(Records for the task begins)

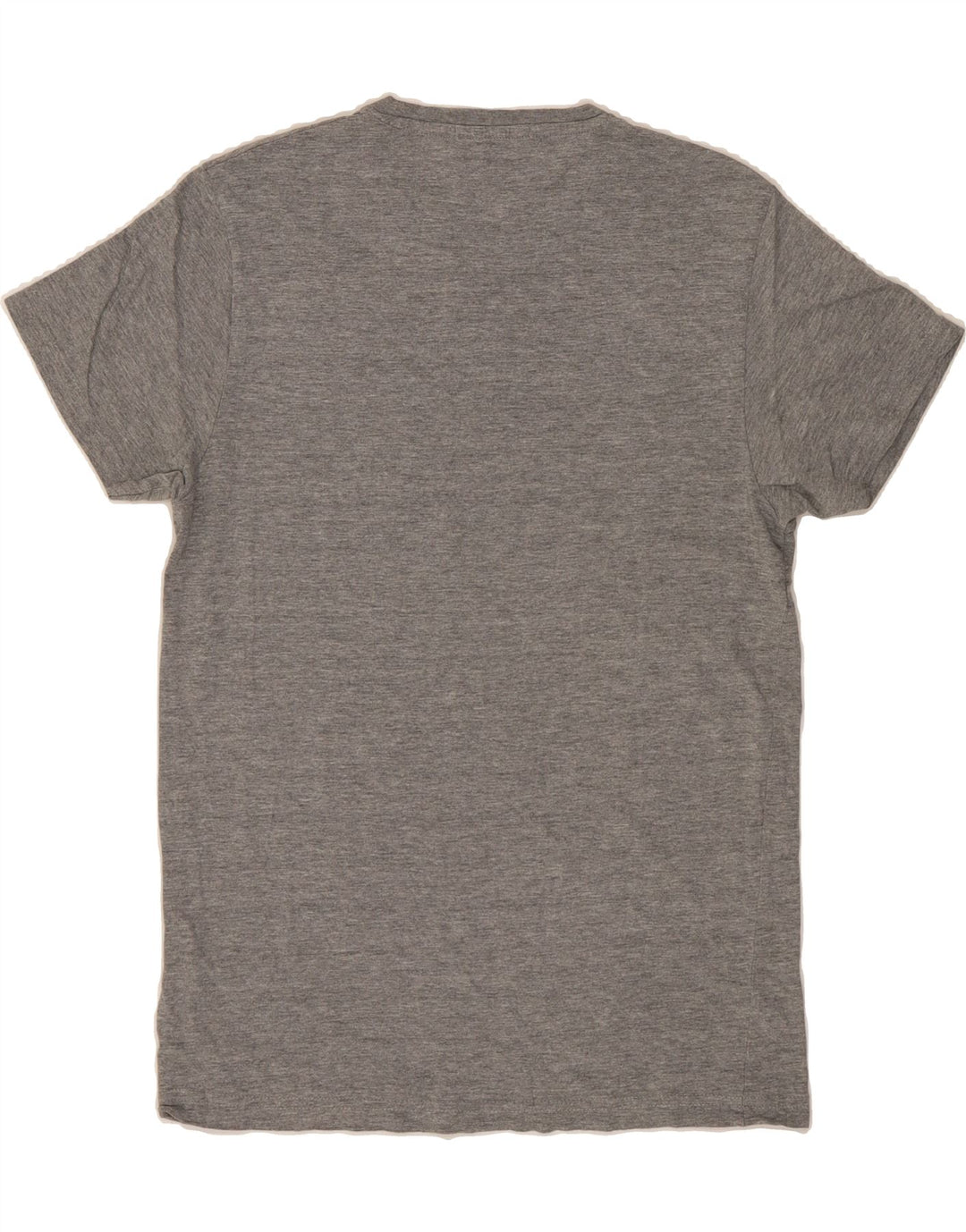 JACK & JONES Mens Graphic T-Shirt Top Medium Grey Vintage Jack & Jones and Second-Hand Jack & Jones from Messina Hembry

(Records for the task ends)
(Records for the task begins)

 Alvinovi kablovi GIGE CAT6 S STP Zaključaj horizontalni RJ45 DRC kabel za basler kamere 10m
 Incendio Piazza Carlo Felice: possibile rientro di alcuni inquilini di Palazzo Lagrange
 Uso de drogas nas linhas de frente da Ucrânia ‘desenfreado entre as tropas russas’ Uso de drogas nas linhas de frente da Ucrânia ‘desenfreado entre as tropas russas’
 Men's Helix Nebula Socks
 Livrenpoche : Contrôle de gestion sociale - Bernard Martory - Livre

(Records for the task ends)
(Records for the task begins)

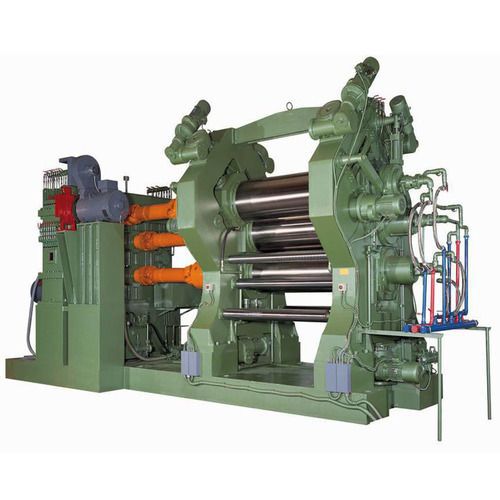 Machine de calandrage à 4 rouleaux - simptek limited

(Records for the task ends)

Aim of the exercise = Your answer should be the exact lines above from the one with "Alvinovi kablovi GIGE" through the one with "Livrenpoche : Contrôle", both included, and nothing besides.

Output of the task =
 Alvinovi kablovi GIGE CAT6 S STP Zaključaj horizontalni RJ45 DRC kabel za basler kamere 10m
 Incendio Piazza Carlo Felice: possibile rientro di alcuni inquilini di Palazzo Lagrange
 Uso de drogas nas linhas de frente da Ucrânia ‘desenfreado entre as tropas russas’ Uso de drogas nas linhas de frente da Ucrânia ‘desenfreado entre as tropas russas’
 Men's Helix Nebula Socks
 Livrenpoche : Contrôle de gestion sociale - Bernard Martory - Livre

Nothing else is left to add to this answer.